I think they were talking about Meldahl from the location on the map that they show and where they decribe the location it has to be Meldahl . I know they said Greenup but everything they reported location and such is Meldahl .


----------



## BiteMyLine (Sep 7, 2006)

I fished greenup last year 3-5 days a week and did very well most of the time. Landed a 8# walleye ther with numerous between 3-6#. I'd say the issue is correct. It can be easy to take home a good stringer if that is what your after. As for the location being wrong in the issue I couldn't say, I did not read it.


----------



## C J Hughes (Jan 24, 2006)

As far as Greenup being a hotspot yes I agree . I would rather fish it than Meldahl . Just something about Cinn. dumping all their stuff in the river . Any of the locks are good this time of year .
I have caught more walleye out of the river in the past 5 years than ever before how about you ?


----------



## Daveo76 (Apr 14, 2004)

Plenty were caught this past fall and winter so far.

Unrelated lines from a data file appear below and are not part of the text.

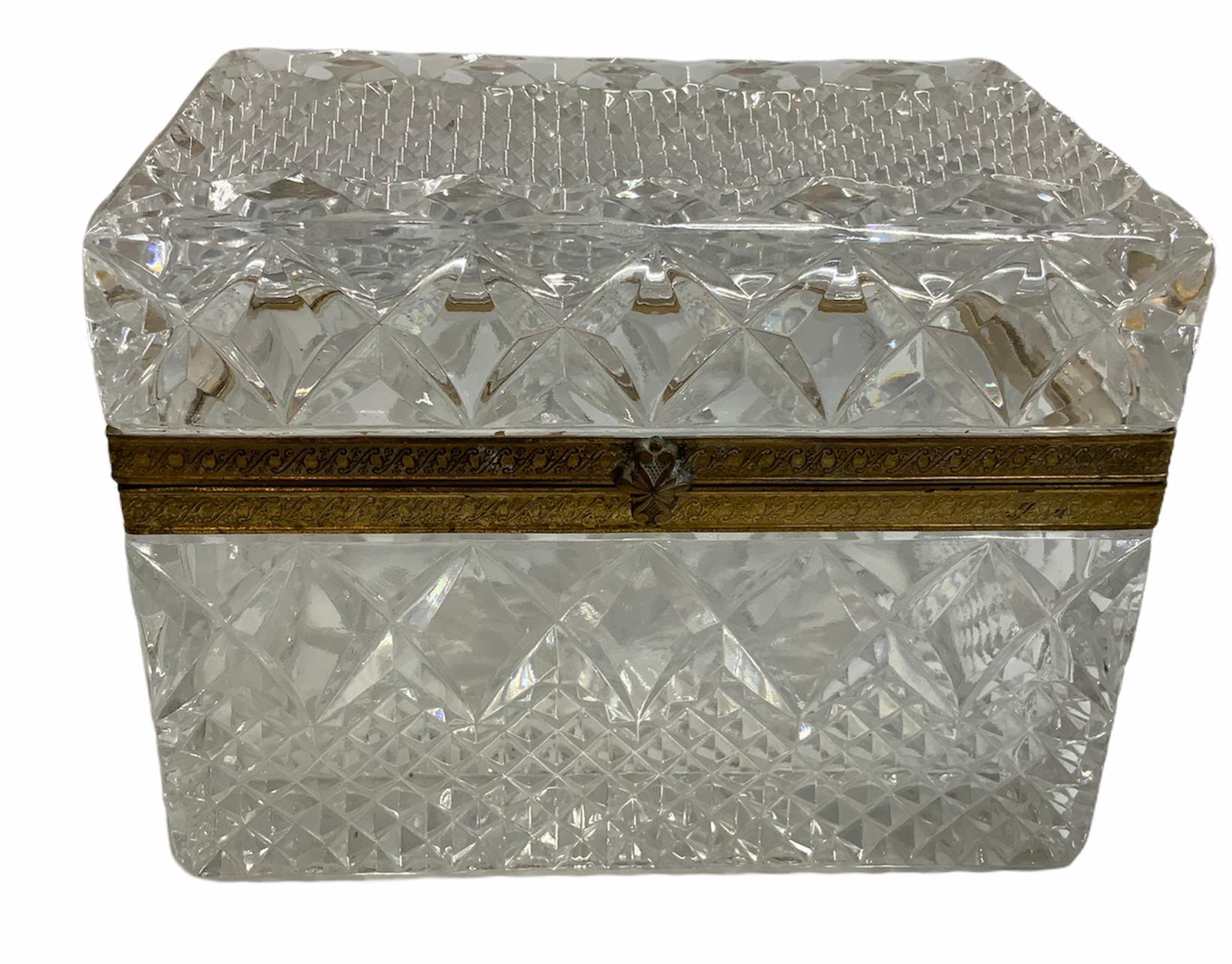 crystal trinket box with lid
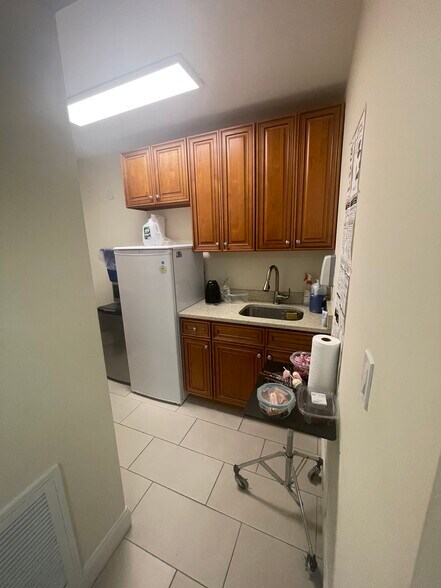 More Photos Of 20619 Hillside Ave, Queens Village General Retail For Lease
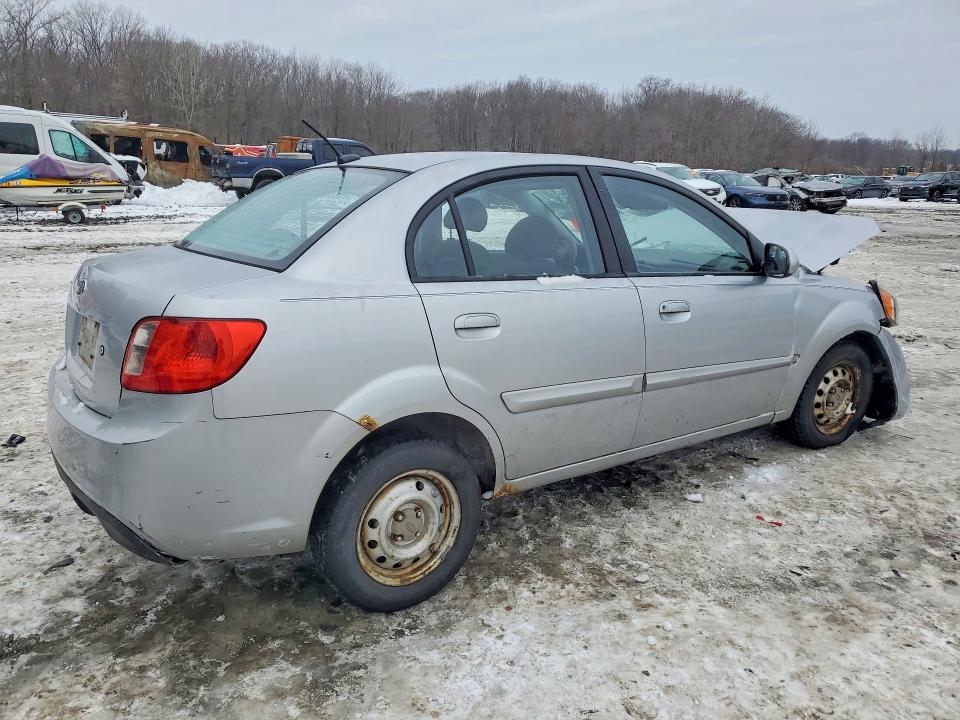 Photo 3 from auction – 2011 KIA RIO with VIN KNADH4A3XB6913100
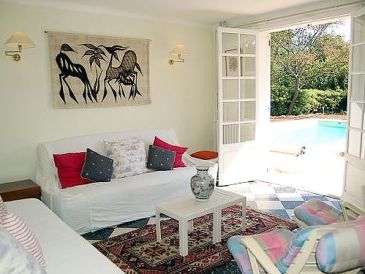 Apartment in exklusiver Pool-Villa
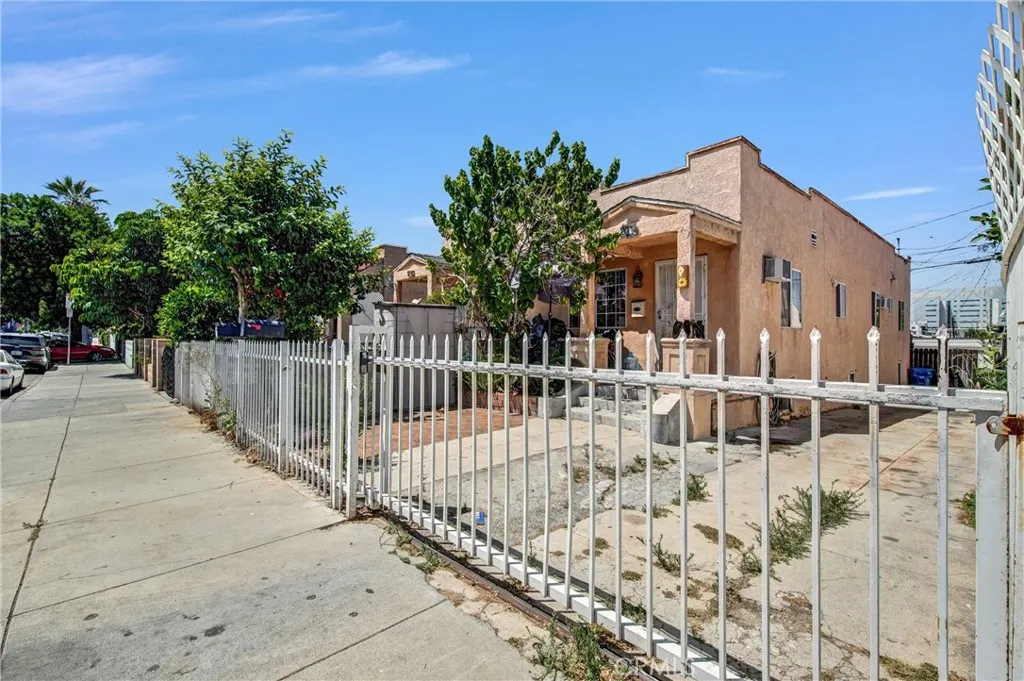 2043 City View, Los Angeles, CA 90033 - Photo 4 of 24, Los Angeles, CA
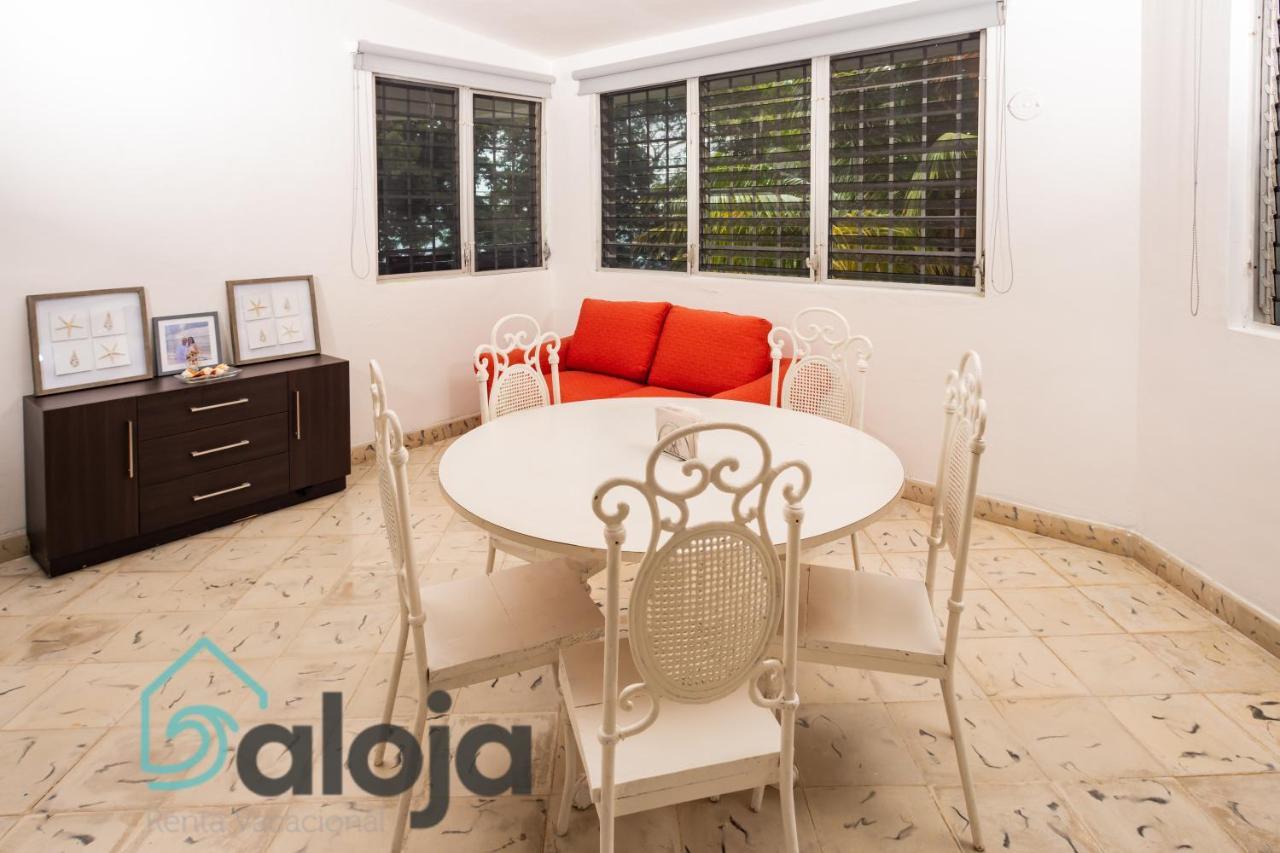 Villa Xtohil With Private Access To The Magic 7 Colors Lagoon Bacalar Luaran gambar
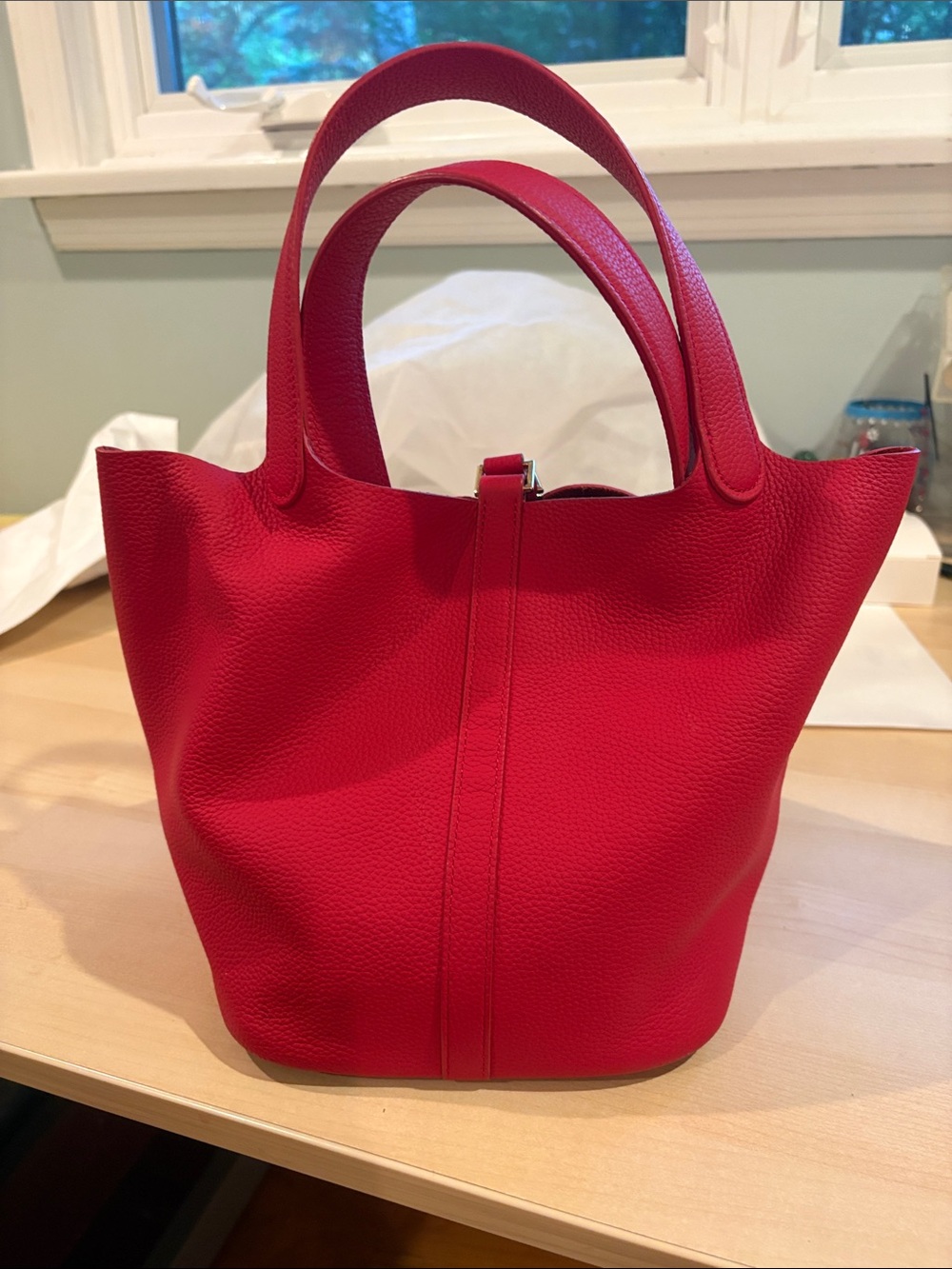 Red Leather Bucket Tote Handbag - Unbranded - Picture 3 of 16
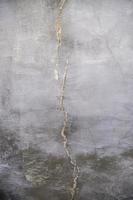 cement vägg med spricka foto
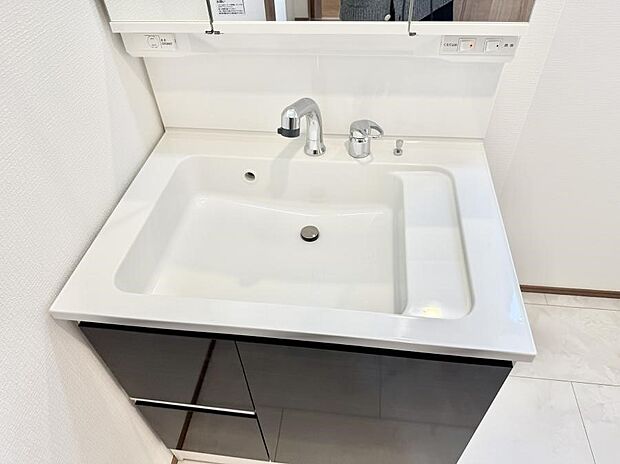 【ハンドシャワー付洗面台】■手洗いや顔を洗う時も快適に使える便利なシャワー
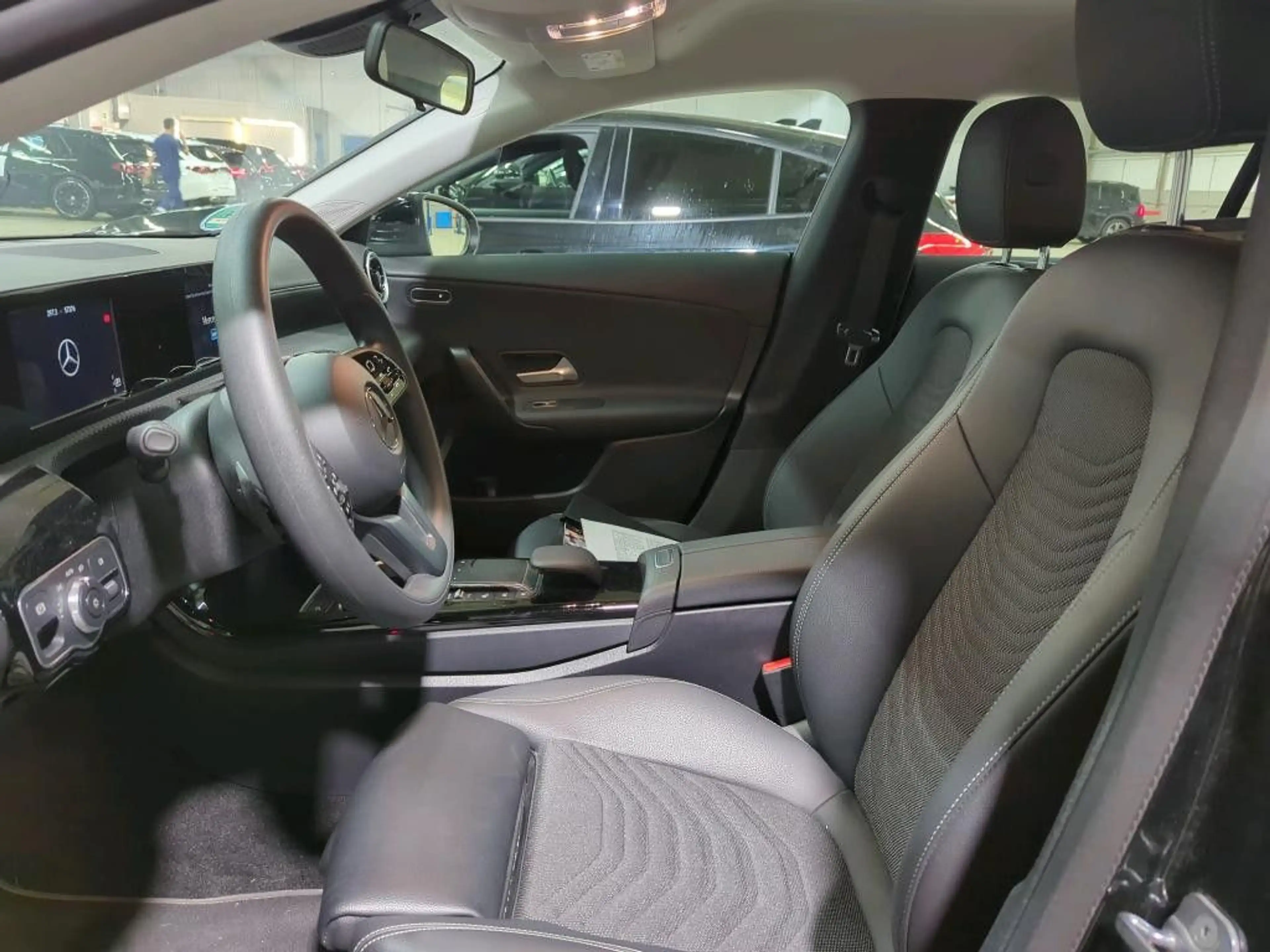 Mercedes-Benz CLA 200 Kamera*LED*Leder*Navi+*17*DAB*1Hand — photo 7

Last time someone wrote an article, they said it was the "Meldahl Pool" . That would be from Meldahl all the way back to Greenup Dam. I haven't seen the article but I suspect that's what they meant. As for the walleyes it was very good. We tried a different bait this fall and it worked. A 3" Charlie Brewer Bass Slider Grub in Pearl color. As for the catching them in the "Pool" I've caught Walleyes and Saugers from the dam all the way to Shawnee Marina. I don't fish any farther than that. In fact, they can be caught up the Scioto River too. Hope this helps.


----------



## C J Hughes (Jan 24, 2006)

Shawnee Marina is hard to beat on Halloween weekend for saugers .


----------



## crab (Apr 14, 2004)

where is shawnee marina?


----------



## Daveo76 (Apr 14, 2004)

It's about 10 miles west of Portsmouth in the Shawnee State Forest on State Route 52. A nice little getaway.


----------



## crab (Apr 14, 2004)

You can catch saugs there now?


----------